As dawn lit up the forest sky, he saw to his horror the boar was lying, waiting at the base of the tree…
Three days later.
Sam was delirious. Twice he’d fallen from his position high in the tree, each time catching himself before he hit the ground and into the jaws of the waiting beast. It was midday, the sun at its highest, and although Sam was in the shade, the heat from the sun caused the moisture on the trees to turn to steam. He felt as if he were in a pressure cooker. Yellow Crazy ants, tormented him, attacking bloody sores on his legs.
Desperate from thirst, in his delirium he thought he saw a man holding a rifle. Sam peered through the foliage. He didn’t know if the man had spotted him. He was thin, almost emaciated, with long straggly grey hair and beard.
“Yes, I can see you,” Sam called out, “Why don’t you just shoot the bloody thing, if you’re real?’ He gave a crazed laugh.
There was a gunshot. Sam shook himself out of his stupor and saw his persecutor raise itself from the place under the tree, roaring with pain. Blood ran down its left flank; it turned to face the man who’d fired the gun.
From his position, Sam watched in horror. The enraged creature caught up with the man, impaling him on to the huge tusks, disappearing into the bushes. Sam knew the screams and crunching sounds would stay with him forever.

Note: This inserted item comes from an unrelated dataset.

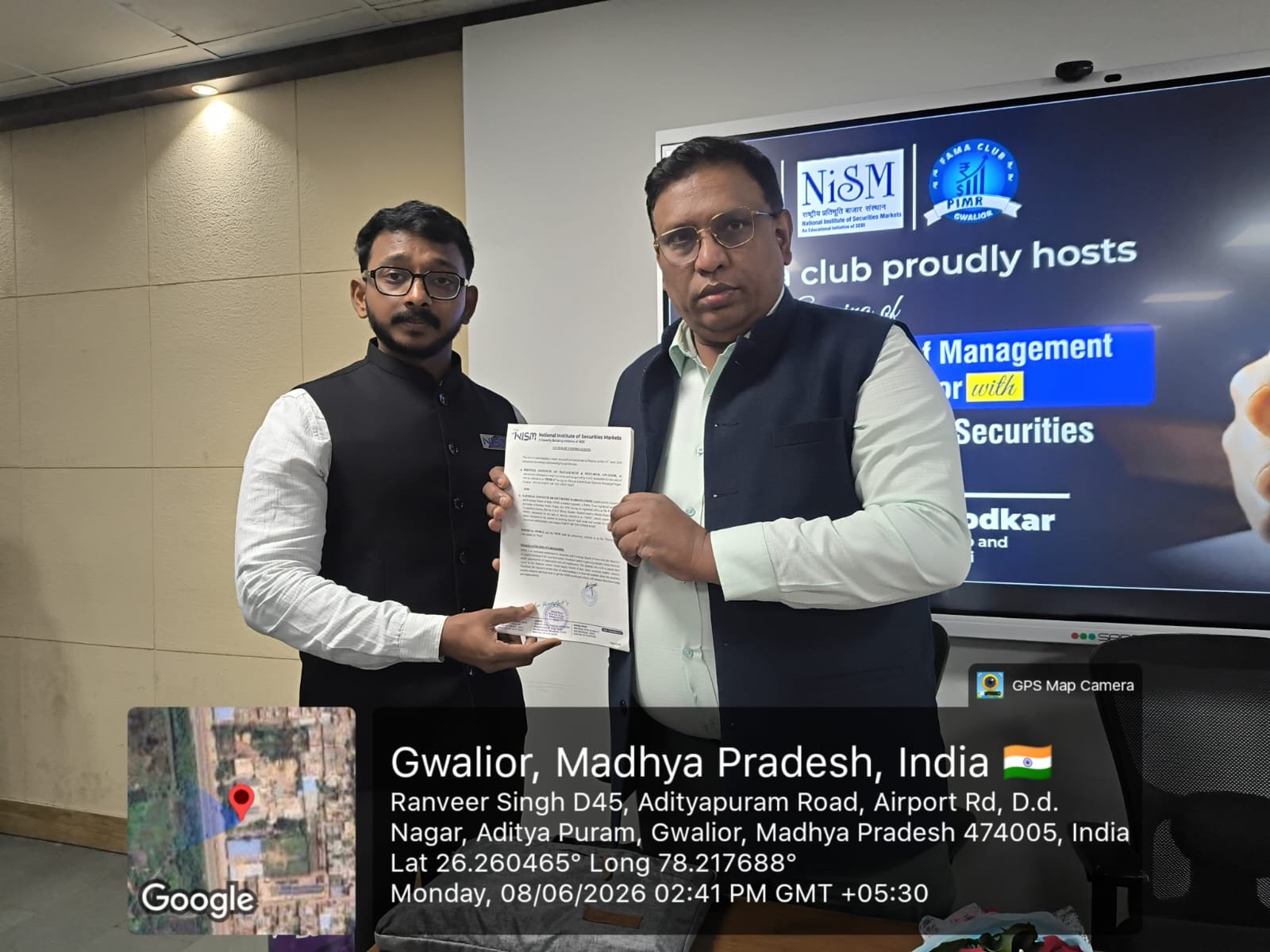 प्रेस्टीज इंस्टीट्यूट और एनआईएसएम के बीच एमओयू, विद्यार्थियों को मिलेगा वित्तीय बाजार का व्यावहारिक प्रशिक्षण | New India Times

Realising this was his chance to leave his hiding place and keeping his eyes on the bushes where the boar was devouring his meal, he descended quietly. On reaching the forest floor, he turned his back on the horrific scene and ran.
He heard crashing in the undergrowth. This creature was not to be denied the prey he’d been patiently waiting for. Sam became filled with a rage equal to that of his enemy and turned to face the onslaught head on. He grabbed his knife and stood his ground, watching the creature get closer. Its mouth and snout were dripping blood. Horrifically, the dead man’s white beard hung from the pig’s mouth.
Two days later.
Dave was at the rendezvous point, packing up to leave. For two nights he’d camped out, waiting for Sam to appear, but was about to go back home and report him missing.
He reluctantly got into his car, reversing down the track onto the road to town. Something made him turn around and give one last look. Spotting a movement in the undergrowth, he cut the engine. He had a feeling that someone or something was nearby.
Suddenly a man fell out of the bushes. It could have been Sam; Dave wasn’t sure at first. It didn’t look like his friend. This person was skinny and bloodied. Long hair and shaggy beard obscured his face. His clothes were in tatters and bare feet, black and bloodied. Dave got out of the car and crept closer to the figure. Strapped to the man’s back was the head of a huge boar, its tusks raised to the sky.
“Sam? Is it you?”
The exhausted man dropped to his knees, raised his head to his friend and gave a weak smile, “Got a beer, mate,?” he croaked. Slowly he sank, placing his forehead on the ground. Dave heard him whisper, “Bear Grylls ain’t got nothin’ on me, man.”